----- The data -----
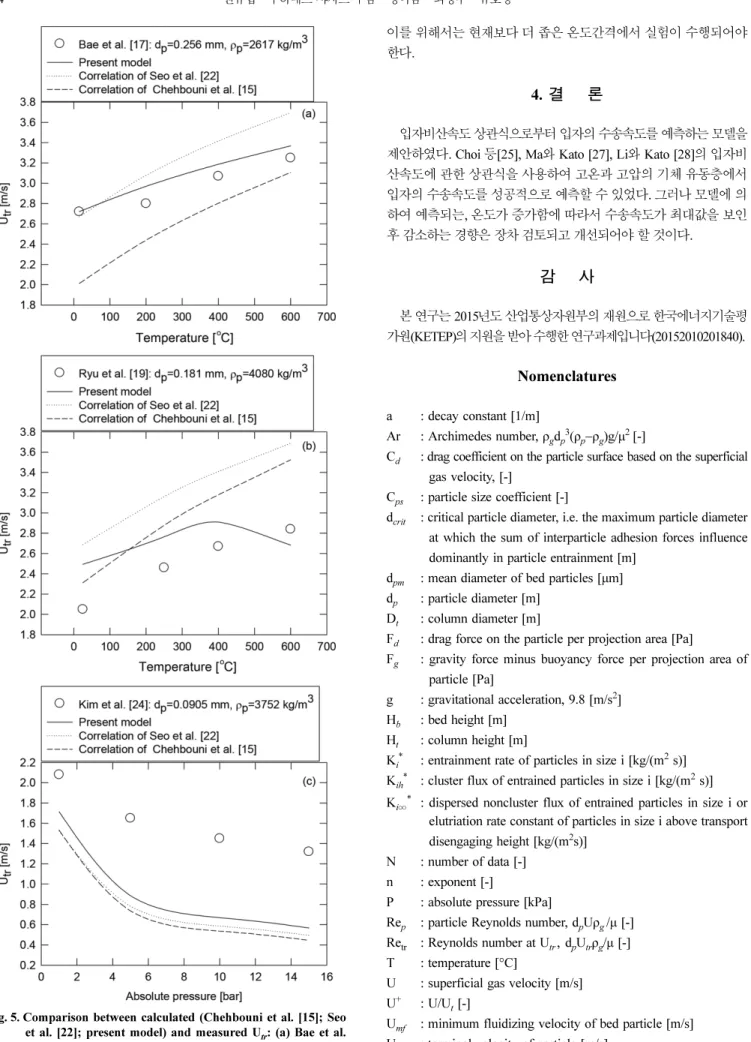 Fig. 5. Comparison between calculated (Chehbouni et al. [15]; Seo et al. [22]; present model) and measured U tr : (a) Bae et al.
-----
----- The data -----
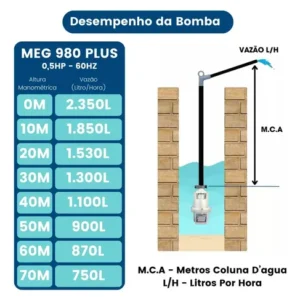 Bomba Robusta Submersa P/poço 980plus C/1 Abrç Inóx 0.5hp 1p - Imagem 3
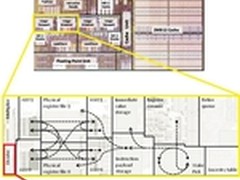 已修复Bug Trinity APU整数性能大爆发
-----
◆ Exercise directions: Retype the lines above exactly as they appear, from the line containing "Bomba Robusta Submersa" through the line containing "已修复Bug Trinity APU整数性能大爆发", and leave out any pictures.

◆ Solution:
 Bomba Robusta Submersa P/poço 980plus C/1 Abrç Inóx 0.5hp 1p - Imagem 3
 已修复Bug Trinity APU整数性能大爆发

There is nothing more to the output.